New rulebook to beat corruption

By RASHAD ROLLE

Tribune Staff Reporter

rrolle@tribunemedia.net

IN keeping with its pledge to tackle corruption and introduce a new standard of accountability in the country, the Minnis Administration tabled its highly anticipated Integrity Commission bill yesterday.

The bill would enshrine a new code of conduct for public officials, establish a commission to investigate alleged corruption and deepen the financial disclosure responsibilities of public officials.

The bill gives unprecedented and wide-ranging powers to the Integrity Commission, allowing it to exercise powers similar to the Supreme Court during investigations and to exercise search and seizure powers otherwise reserved for the Royal Bahamas Police Force (RBPF).

Through the bill, public officials who can’t explain the source of money and properties in their possession could be imprisoned for no less than six months and no more than three years.

The bill says: “Where a person who is or was a public official is found to be in possession of property or a pecuniary resource disproportionate to his known sources of income, and he fails to produce satisfactory evidence to prove that the possession of the property or pecuniary resource was acquired by lawful means, he commits an offence and is liable on summary conviction to a fine and to a term of imprisonment of not less than six months and not more than three years.”

The bill also makes it illegal for public officials not to disclose their knowledge of people “likely to be engaged in an act of corruption”, such people would be liable to a six months prison sentence.

The Integrity Commission would consist of seven commissioners: a justice of the Supreme Court or Court of Appeal appointed by the prime minister after consultation with the leader of the Opposition; a chartered or certified accountant of at least seven years standing, appointed by the Governor General after consultation with the Bahamas Institute of Chartered Accountants; a person who is a counsel and attorney-at-law of ten or more years, appointed by the Governor-General after consultation with the Bahamas Bar Association; a member of the clergy appointed by the Prime Minister after consultation with the Bahamas Christian Council; two people appointed by the Prime Minister on the recommendation of members of civil society; and a person appointed by the Prime Minister after consultation with the leader of the Opposition. The commissioners will be appointed for three years and eligible for one further three-year re-appointment. 

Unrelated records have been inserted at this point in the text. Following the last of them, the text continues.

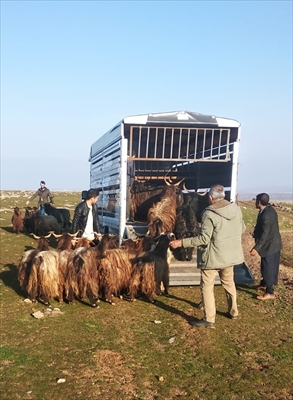 Şanlıurfa'da Hayvan Hırsızlığı Yapan 2 Şüpheli Diyarbakır'da Yakalandı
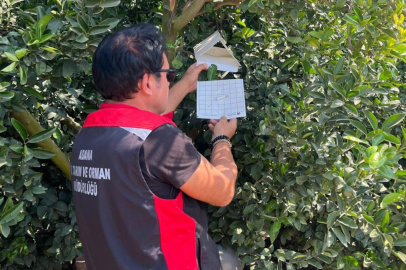 Adana’da narenciye hasadı öncesi Akdeniz meyve sineği için tedbirler arttı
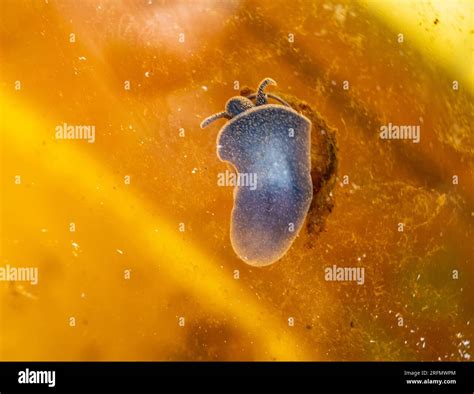 Malacology Gastropods Hydrobionts Pond Snail Viviparus Leg Viewed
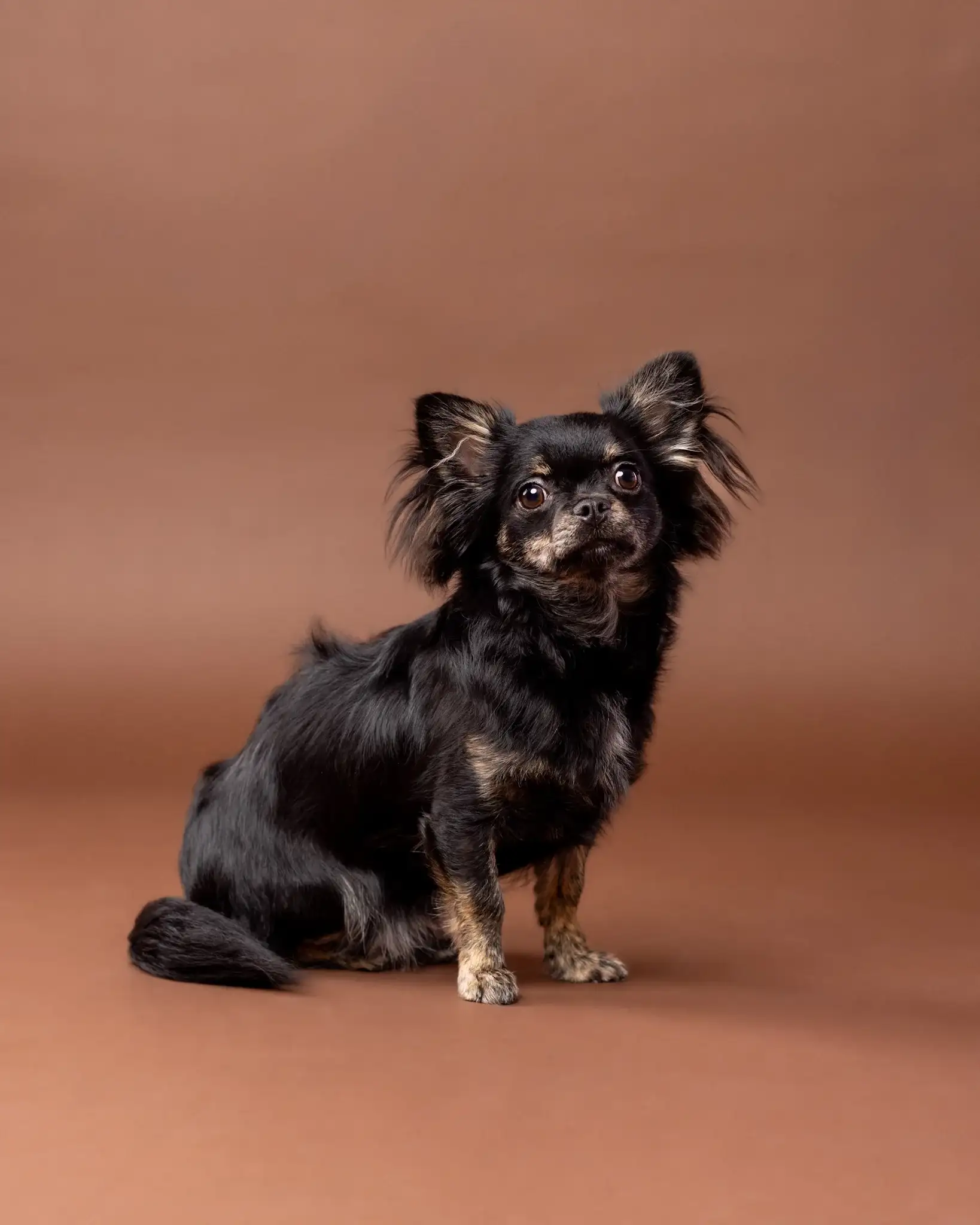 Verna chihuahua - zdjęcie portretowe psa ZwierzoKadr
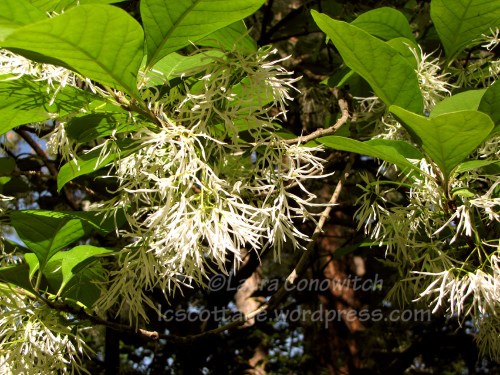 IMG_3451b Manito 06-15-2012 IMG_3451bc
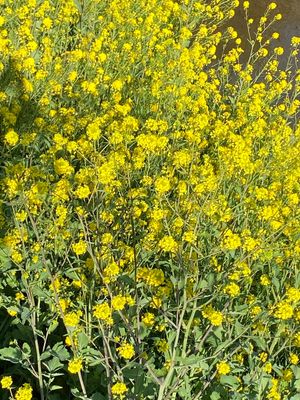 埼玉県深谷市
●JR深谷駅
●駅前の渋沢栄一像
●ほころび始めた桜
●菜の...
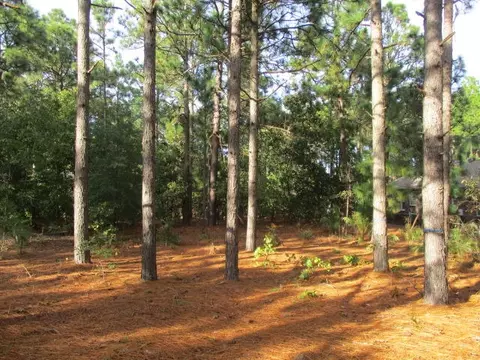 393 Longleaf Dr, West End, NC 27376 photo 5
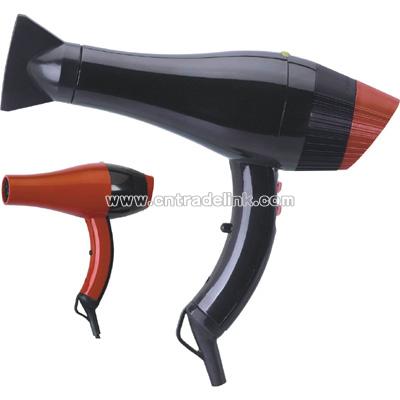Professional Hair Dryer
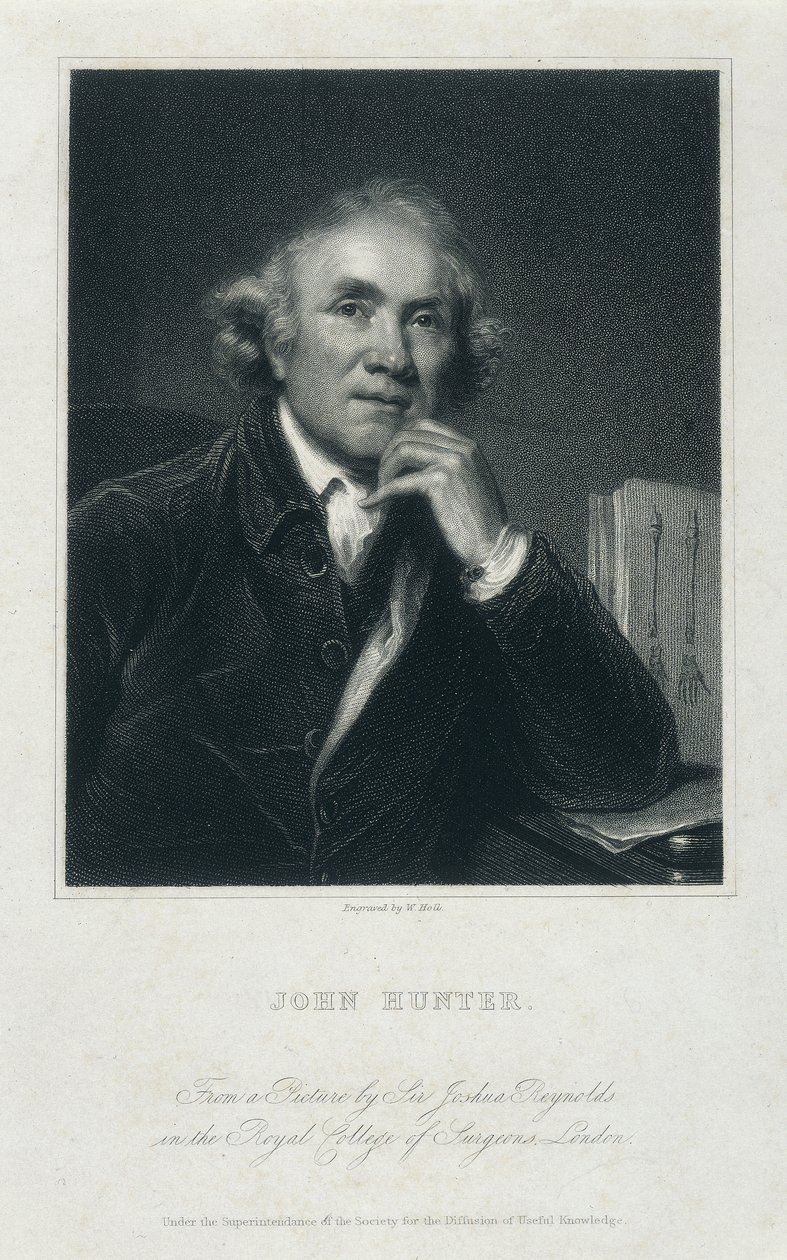 John Hunter, FRS, c1850-c1870 alkotó: William Holl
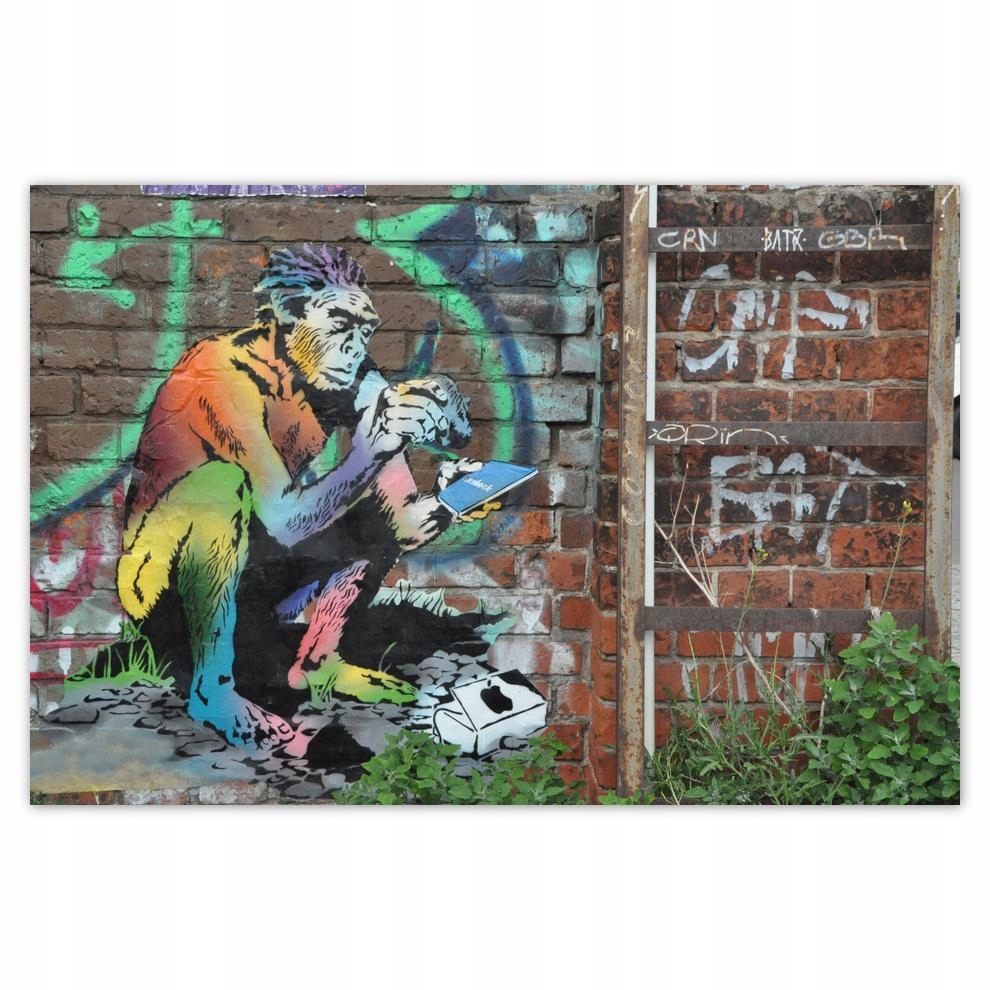 

Plakaty 60x40 Graffiti Sztuka uliczna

The Integrity Commission will be empowered to employ “investigating officers,” people who would not be members of the Royal Bahamas Police Force (RBPF) and therefore not subject to the Police Force Act, police regulations or police force orders.

The commission’s investigating officers will have the power to arrest and execute search warrants.

A panel consisting of a magistrate or justice or retired magistrate or justice, the Commissioner of Police and one other person appointed who is not a former or current member of the RBPF will comprise the complaints panel and will have the power to investigate the way the Integrity Commission deals with complaints against investigating officers.

The bill would empower the Integrity Commission to “examine practices and procedures of public bodies in order to facilitate the discovery of corrupt practices, and to secure the revision of methods of work or procedures which, in its opinion, may be conducive to such corruption.”